Minuit !… Allons, Horatio va dormir… car vous dormez sans doute, monsieur de Rolleboise, et, vous aussi, Amadeus Harriss, vous aussi, fière et dédaigneuse Olivia, vous aussi, vieux duc de Firstland… Vous reposez tranquilles, sans pressentiments ; et, si l’on venait vous dire que ce bon Horatio, bien loin de vous, dans une petite ville de France, veille et pense à vous, qu’il a dans sa main les fils invisibles qui doivent vous réunir, les moyens les plus improbables qui vous mettront à sa merci. Certes, vous écarteriez bien vite ce songe insensé, ce cauchemar mauvais, et vous vous rendormiriez dans un nouveau rêve, effacés l’un et l’autre par le retour du jour. Ah ! vieux duc, Olivia, Amadeus, dormez, dormez !…

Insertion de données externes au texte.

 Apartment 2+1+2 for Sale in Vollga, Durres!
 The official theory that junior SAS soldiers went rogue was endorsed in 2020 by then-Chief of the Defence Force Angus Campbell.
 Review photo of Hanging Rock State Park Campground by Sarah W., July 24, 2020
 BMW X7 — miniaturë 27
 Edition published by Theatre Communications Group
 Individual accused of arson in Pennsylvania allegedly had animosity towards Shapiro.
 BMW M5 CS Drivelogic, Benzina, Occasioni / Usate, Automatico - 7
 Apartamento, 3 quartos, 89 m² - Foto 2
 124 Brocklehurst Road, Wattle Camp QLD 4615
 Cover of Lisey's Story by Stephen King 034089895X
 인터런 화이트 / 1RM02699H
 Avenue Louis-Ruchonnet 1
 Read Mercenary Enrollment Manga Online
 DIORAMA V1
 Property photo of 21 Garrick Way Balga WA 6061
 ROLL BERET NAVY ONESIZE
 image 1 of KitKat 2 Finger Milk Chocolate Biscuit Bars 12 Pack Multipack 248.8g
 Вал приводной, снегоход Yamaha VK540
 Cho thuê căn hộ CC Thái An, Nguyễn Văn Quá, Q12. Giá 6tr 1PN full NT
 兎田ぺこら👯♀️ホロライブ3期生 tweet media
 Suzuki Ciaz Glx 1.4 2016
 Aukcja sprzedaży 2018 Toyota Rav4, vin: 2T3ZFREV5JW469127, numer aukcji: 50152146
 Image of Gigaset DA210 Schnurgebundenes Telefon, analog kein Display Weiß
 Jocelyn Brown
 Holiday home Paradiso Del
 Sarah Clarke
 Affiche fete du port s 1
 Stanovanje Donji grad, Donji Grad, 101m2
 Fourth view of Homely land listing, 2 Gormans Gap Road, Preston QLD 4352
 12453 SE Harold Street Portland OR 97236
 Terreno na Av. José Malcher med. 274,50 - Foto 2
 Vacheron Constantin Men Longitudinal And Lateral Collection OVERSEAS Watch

Le hasard, disais-je tout à l’heure ; mais, de même que pour certains hommes il se rencontre fortuitement dans la vie des jours de succès inattendus, il doit y avoir aussi, par l’effet de ce même hasard, il doit y avoir, dis-je, des existences entières qui ne se heurtent jamais aux obstacles : je suis de ces hommes… je suis le soldat qui traverse sain et sauf la mitraille de l’ennemi où cent de ses camarades tombent.

Allons, Mont-Dore, ne grognez pas ainsi, ce n’est pas à vous que je parle.